The two major changes that have engulfed the cricket world is the T20 format of the game and women's cricket. Both are seen as glamorous and ones that can be easily followed. They have that amateur tinge to it that makes the sport more uncertain and human.
The Indian women's cricket team's performance in the recently-concluded Commonwealth Games was a good example of a team on the verge of victory but overwhelmed by the pressures of achieving success.
A silver medal was a creditable achievement. However, the way the women played the sport was what was most admirable. Every team that participated played hard but the harmony amongst the cricketers was what was so wonderful to watch.
India's women cricketers, unfortunately, have fallen at the final hurdle on three of the big world cricket tournaments in recent years. It is only time and one victory in the future that could catapult them into being the best in the world. One was amazed at the catches that were taken by India and the improvement in their fitness and fielding. The Indian women's side lacked only the mental belief of a winner, a trait that used to be also evident in the men's side up until they won the 1983 World Cup.

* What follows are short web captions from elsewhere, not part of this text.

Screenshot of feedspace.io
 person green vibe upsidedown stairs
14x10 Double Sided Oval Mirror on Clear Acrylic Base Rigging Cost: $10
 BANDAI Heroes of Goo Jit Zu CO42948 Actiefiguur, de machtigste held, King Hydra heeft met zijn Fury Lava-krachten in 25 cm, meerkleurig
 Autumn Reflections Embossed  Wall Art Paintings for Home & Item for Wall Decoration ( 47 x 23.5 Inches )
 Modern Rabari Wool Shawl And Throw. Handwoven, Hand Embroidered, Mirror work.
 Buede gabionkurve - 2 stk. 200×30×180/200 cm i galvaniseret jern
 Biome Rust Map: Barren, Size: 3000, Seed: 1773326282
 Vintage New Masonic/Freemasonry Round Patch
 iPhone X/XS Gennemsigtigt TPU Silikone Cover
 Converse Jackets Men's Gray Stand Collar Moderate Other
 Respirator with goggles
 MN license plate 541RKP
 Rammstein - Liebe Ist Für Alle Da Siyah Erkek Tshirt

One wonders as to why men's cricket was not a part of the Commonwealth Games. Especially as the games were being played in Birmingham in England. Cricket as a sport is popular amongst the Commonwealth countries. This would have been just the precursor to the T20 World Cup being played later on in the year. Matches between countries on a major platform would have been far more interesting than the plethora of cricket encounters taking place around the world.
The only reason that one can give for men's cricket to be excluded from CWG was because of the packed cricket itinerary and the finances that revolve around it.
The T20 format has now taken the cricket world by storm. The mushrooming of cricket leagues in most of the cricket-playing countries is the change that will revolutionise cricket in a major way. The franchise model that each one will put into place will change the topography of cricket. Cricketers are the backbone and the core ingredients of its operation. Participation and financial receivables will become an essential part of it.
The top International performers will be lured into contracts of multi-million dollars. The game on and off the field will be like a roulette table. Cricket will become a gamblers' den that will be very hard to control as regards illegal betting and activities.
This is the tricky wicket that cricket will face and that the Boards of all the cricket-playing nations, spearheaded by the International Cricket Council (ICC), need to address very seriously.
Presently, the smell of money and the ring of the cashbox is making one excited at the prospect of franchise-based T20 leagues. One can already see the competition rising between the Big Bash in Australia and the league to be played in the UAE. Cricketers naturally will bless the one that is most fruitful for them.
The challenge that may arise would be to get International players to adorn their national colours. Even if they do so, will they be mentally and physically in a state to perform at their best?
The famous American Management guru, Clayton Christensen's theory of 'Disruptive Innovation' seems to be the way in which the administrators, marketers and organisers will have to think as regards their respective cricket leagues.
The Indian Premier League at present is one that has established itself as the leader. Innovative thinking will require it to hold its own.
'Money as one says makes the world go round', well cricket is in that phase when one is not sure as to where it is going. The swerves, swings and turns that one can see it heading towards may see the game being disruptive forever.
It could lead to franchise-owned teams from around the world playing against each other. One wonders as to whether Test cricket and cricket encounters between countries will have the same importance as now.
If the international stars of the game from their respective countries are absent, the very essence of playing against the best is missing. Matches then become a farce.